Freedom of Association
s. 2 Everyone has the following fundamental freedoms:
(d) freedom of association
Section 2(d) protects your freedom to form associations. This is a necessarily collective right and is mainly public in nature. As such, rights under section 2(d) do not extend to family members or other personal relationships (Catholic Children's Aid Society of Metropolitan Toronto v S (1989), 69 O.R. (2d) 189 (Ont CA)).
Section 2(d) and Collective Bargaining
Section 2(d) includes a right to collective bargaining. It protects the ability of workers to engage in associational (collective) activities, and to act together to reach a common goal. Collective bargaining is arguably the most significant collective activity through which freedom of association is expressed. It enhances the value of equality and democracy in the workplace, and it ensures the dignity, liberty, and autonomy of workers by providing them with the opportunity to influence their working conditions.
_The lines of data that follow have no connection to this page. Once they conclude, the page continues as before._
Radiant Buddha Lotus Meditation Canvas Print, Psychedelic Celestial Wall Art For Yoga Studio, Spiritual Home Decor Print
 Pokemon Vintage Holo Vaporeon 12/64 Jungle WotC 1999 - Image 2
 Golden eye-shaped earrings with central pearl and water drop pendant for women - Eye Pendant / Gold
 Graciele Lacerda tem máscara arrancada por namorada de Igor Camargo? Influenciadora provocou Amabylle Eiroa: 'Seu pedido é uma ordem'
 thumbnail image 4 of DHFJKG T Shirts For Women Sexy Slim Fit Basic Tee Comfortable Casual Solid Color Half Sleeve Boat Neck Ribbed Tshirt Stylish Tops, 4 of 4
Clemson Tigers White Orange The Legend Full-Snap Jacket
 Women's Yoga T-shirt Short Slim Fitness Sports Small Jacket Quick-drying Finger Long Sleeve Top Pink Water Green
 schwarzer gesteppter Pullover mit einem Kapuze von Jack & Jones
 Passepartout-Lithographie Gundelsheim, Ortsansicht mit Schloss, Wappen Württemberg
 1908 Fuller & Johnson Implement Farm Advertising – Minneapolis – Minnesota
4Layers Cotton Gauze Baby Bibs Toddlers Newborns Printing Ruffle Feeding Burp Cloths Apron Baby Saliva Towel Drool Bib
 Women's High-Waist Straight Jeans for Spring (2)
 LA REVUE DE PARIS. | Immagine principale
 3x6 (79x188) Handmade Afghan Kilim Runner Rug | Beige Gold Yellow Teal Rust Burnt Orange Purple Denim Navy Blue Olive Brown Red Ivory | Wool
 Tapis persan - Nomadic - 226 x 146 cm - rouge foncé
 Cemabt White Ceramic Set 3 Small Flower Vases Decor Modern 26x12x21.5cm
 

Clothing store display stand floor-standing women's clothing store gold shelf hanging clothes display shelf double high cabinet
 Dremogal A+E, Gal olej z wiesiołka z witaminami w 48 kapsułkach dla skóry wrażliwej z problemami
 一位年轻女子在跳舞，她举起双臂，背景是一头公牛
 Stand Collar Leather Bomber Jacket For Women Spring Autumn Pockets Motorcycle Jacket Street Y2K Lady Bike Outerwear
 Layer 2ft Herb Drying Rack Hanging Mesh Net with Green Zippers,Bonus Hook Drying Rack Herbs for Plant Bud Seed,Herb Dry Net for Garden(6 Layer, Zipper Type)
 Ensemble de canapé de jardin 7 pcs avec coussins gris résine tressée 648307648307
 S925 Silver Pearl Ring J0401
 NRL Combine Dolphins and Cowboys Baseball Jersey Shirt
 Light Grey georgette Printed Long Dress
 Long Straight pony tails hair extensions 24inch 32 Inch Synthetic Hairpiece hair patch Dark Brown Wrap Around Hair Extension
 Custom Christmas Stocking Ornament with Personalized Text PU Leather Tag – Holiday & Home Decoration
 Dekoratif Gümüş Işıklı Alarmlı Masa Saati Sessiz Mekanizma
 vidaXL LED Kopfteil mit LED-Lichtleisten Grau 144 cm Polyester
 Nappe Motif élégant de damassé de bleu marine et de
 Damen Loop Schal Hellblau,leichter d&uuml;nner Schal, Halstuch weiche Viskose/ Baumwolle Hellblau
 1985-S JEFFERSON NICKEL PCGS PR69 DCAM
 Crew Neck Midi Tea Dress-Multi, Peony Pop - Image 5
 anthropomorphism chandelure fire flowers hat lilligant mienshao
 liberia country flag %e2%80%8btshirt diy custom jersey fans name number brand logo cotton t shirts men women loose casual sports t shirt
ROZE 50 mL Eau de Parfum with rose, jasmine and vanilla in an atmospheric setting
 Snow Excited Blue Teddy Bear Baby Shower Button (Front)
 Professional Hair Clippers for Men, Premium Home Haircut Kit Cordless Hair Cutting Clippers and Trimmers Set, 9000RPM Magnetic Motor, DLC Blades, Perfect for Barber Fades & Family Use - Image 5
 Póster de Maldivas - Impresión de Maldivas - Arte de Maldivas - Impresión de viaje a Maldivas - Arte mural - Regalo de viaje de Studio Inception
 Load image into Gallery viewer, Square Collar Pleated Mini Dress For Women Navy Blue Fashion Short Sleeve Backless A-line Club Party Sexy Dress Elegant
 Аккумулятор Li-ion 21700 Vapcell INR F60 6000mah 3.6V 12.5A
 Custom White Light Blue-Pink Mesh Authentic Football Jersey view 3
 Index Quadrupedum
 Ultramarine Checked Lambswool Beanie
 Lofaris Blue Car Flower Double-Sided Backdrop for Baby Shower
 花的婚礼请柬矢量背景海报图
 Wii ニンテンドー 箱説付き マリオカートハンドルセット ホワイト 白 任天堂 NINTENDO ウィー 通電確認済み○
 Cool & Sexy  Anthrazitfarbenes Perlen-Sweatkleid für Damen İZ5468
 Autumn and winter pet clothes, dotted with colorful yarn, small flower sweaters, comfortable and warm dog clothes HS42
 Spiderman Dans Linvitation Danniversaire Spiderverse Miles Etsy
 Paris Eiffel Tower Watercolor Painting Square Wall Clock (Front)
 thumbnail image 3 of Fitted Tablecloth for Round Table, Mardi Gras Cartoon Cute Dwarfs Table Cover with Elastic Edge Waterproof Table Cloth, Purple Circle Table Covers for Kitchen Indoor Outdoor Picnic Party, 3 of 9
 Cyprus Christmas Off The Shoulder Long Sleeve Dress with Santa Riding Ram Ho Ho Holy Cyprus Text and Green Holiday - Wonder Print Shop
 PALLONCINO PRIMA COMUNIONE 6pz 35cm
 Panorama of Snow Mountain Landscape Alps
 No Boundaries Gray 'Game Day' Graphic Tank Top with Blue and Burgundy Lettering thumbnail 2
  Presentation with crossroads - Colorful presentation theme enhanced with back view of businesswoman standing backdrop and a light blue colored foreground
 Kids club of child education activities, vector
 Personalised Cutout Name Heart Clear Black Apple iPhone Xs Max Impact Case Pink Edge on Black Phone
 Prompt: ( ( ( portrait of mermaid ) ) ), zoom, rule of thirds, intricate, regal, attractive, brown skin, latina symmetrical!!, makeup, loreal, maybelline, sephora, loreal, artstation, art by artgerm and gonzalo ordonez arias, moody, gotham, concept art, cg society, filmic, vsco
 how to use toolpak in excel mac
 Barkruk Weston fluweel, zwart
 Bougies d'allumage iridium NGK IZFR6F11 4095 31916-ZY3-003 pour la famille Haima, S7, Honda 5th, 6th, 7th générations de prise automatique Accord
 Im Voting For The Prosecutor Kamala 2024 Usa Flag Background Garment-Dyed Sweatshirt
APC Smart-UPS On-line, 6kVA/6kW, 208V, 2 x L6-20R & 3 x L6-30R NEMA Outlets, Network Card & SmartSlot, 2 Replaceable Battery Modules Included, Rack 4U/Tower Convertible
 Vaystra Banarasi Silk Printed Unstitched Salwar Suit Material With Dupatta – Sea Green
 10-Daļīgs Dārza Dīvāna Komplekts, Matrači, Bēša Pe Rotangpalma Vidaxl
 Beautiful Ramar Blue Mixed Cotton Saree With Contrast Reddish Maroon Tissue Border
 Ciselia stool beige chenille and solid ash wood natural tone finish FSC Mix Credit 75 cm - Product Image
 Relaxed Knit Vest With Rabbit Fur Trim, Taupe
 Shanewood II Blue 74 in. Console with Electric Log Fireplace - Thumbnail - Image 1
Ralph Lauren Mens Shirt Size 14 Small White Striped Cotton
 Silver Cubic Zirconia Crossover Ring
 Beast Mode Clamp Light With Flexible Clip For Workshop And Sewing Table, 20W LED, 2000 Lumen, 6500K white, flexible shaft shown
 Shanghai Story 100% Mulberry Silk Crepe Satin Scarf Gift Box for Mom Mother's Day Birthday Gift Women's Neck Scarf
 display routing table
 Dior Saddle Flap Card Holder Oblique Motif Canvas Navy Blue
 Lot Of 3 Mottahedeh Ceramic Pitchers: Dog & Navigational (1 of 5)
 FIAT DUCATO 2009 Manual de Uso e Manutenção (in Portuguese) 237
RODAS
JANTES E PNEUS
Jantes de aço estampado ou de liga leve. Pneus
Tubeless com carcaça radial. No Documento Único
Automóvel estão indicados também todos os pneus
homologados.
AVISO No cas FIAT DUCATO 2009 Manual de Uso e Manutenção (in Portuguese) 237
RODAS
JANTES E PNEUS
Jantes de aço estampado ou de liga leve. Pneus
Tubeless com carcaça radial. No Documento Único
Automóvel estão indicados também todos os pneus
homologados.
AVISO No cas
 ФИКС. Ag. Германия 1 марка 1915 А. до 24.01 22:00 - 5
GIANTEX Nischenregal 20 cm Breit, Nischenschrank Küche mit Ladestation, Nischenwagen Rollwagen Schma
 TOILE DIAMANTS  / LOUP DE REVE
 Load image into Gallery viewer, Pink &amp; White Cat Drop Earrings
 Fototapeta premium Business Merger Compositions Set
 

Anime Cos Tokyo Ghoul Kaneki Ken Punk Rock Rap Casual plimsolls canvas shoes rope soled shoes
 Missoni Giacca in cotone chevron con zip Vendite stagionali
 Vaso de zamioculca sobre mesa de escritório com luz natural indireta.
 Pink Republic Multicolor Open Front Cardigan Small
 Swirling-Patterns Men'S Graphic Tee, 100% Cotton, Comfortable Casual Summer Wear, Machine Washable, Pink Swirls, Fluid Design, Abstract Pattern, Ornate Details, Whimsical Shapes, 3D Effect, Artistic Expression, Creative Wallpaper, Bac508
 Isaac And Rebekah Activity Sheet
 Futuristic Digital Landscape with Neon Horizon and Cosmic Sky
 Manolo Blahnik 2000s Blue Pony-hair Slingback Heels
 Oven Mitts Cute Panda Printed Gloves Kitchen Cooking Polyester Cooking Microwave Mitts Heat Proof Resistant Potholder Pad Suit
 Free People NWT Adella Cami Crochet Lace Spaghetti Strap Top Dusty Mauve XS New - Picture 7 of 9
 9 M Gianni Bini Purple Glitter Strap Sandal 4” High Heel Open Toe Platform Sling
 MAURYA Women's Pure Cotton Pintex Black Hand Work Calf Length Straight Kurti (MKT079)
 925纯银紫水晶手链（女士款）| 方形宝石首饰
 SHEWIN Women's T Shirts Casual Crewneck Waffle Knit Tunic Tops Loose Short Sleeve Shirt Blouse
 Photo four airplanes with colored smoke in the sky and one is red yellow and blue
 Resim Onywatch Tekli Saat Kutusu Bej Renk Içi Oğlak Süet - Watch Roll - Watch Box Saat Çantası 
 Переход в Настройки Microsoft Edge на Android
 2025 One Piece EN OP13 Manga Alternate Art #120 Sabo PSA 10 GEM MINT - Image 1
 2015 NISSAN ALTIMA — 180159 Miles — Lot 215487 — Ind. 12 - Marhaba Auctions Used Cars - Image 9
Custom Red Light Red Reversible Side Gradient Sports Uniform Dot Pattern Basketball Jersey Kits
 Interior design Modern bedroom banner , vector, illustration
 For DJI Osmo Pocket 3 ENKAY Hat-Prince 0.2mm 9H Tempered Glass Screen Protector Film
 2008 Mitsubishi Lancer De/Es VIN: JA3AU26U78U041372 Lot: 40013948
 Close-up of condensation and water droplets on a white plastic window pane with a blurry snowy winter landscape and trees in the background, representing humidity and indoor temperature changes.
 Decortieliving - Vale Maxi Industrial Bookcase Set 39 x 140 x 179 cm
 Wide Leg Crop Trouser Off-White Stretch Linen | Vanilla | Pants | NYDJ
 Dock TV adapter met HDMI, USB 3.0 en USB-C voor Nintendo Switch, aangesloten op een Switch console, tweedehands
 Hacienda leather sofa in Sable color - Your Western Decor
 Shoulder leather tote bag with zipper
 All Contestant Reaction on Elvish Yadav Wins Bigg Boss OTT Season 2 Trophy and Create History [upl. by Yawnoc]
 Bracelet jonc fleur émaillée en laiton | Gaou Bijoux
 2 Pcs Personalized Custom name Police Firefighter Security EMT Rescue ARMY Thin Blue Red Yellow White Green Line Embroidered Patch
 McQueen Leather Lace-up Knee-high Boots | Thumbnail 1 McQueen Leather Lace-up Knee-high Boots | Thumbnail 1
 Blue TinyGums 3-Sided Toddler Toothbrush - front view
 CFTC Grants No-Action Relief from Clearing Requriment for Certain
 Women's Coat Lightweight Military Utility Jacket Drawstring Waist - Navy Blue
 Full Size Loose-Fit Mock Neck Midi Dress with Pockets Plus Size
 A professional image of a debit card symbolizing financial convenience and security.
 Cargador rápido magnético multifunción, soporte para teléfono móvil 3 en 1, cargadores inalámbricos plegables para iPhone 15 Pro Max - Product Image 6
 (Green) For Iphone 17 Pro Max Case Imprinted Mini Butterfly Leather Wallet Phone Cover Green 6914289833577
Because the Charter only applies to government actors, section 2(d) can only be triggered by government action. This would include enacting unlawful legislation, or situations where the government is your employer. Private employers are not bound by section 2(d).
The right to collective bargaining guarantees a process, not a result. The government is not required to guarantee that a certain result will come from collective bargaining (Dunmore v Ontario (Attorney General),  3 SCR 1016 at 67).
Section 2(d) also includes the freedom not to associate, particularly when an association imposes “ideological conformity” on its members (Lavigne v Ontario Public Service Employees Union,  2 SCR 211)
Section 2(d) protects collective activity against “substantial interference” from government action. Two questions must be asked when determining whether a government action counts as substantial interference (Health Services and Support – Facilities Subsector Bargaining Assn v British Columbia,  2 SCR 391 at 93):
Does the government action affect something important to the process of collective bargaining?
If yes, does the government action impact your right to good faith negotiation and consultation?
For the first question, the main inquiry is whether the interference will prevent unions from pursuing common goals collectively. For example, laws or actions that prevent unions from participating in meaningful discussions about working conditions. On the other hand, laws or actions regarding things like uniforms or parking would not be considered a significant interference.
Even if there is interference with an important matter, there will not be a violation of section 2(d) unless the government action also interferences with the ability of unions to consult and negotiate in good faith. The concept of “good faith” in collective bargaining includes, but is not limited to:
attempting to reach an agreement,
engaging in constructive negotiations,
avoiding unnecessary delays, and
committing an appropriate amount of time to meetings.